Blue Heron Lake Nature Conservancy, Inc.

Who is Wangari Maathai?

Wangari Maathai
Wangari Maathai

Our educational center is named after the Kenyan environmental activist who won the 2004 Nobel Peace Prize. Wangari Maathai is internationally recognized for her persistent struggle for democracy, human rights, and environmental conservation.

She was the first woman in central Africa to earn a Ph.D. In the mid-1970s, she started planting trees with rural Kenyan women after she became aware of the consequences of soil erosion and deforestation in their daily lives. Deforestation combined with climate change has currently left 12 million people in a swath of Africa, including northern Kenya, without sustenance from the land on which they live.

She founded the Green Belt Movement there to create designated areas of park, farm, and uncultivated land around communities. "The Earth was naked," Wangari Maathai has said. "For me, the mission was to try to cover it with green."

Green Belt Movement is a broad-based, grassroots organization whose main focus is helping women's groups plant trees to conserve the environment and improve quality of life.
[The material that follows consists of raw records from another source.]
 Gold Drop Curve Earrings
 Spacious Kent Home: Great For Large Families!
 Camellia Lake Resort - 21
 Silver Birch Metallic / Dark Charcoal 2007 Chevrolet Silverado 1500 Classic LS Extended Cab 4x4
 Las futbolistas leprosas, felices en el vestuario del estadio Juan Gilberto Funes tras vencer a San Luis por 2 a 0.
Through the Green Belt Movement, she now has helped women plant more than 30 million trees on their farms, on schools, and on church compounds. Her Green Belt Movement has spread to 600 communities and into 20 countries.
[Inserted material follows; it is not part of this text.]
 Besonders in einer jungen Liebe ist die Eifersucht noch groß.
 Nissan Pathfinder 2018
Wangari Maathai knows what many in the West have forgotten: that ecological crises resulting from scarce natural resources caused by deforestation and other environmental degredation are the often the hidden root causes of conflict and war, as well as world poverty and global warming. In places as diverse as the Sudan, the Philippines, Mexico, Haiti, and the Himalayas, deforestation, encroaching desert, and soil erosion are among the present root causes of civil unrest and war.

In awarding Wangari Maathai the Nobel Peace Prize, the Norwegian Nobel Committee noted that when we analyze local conflicts, we tend to focus on their ethnic and religious aspects, but it is often the underlying ecological circumstances that bring the more readily visible factors to the flash point.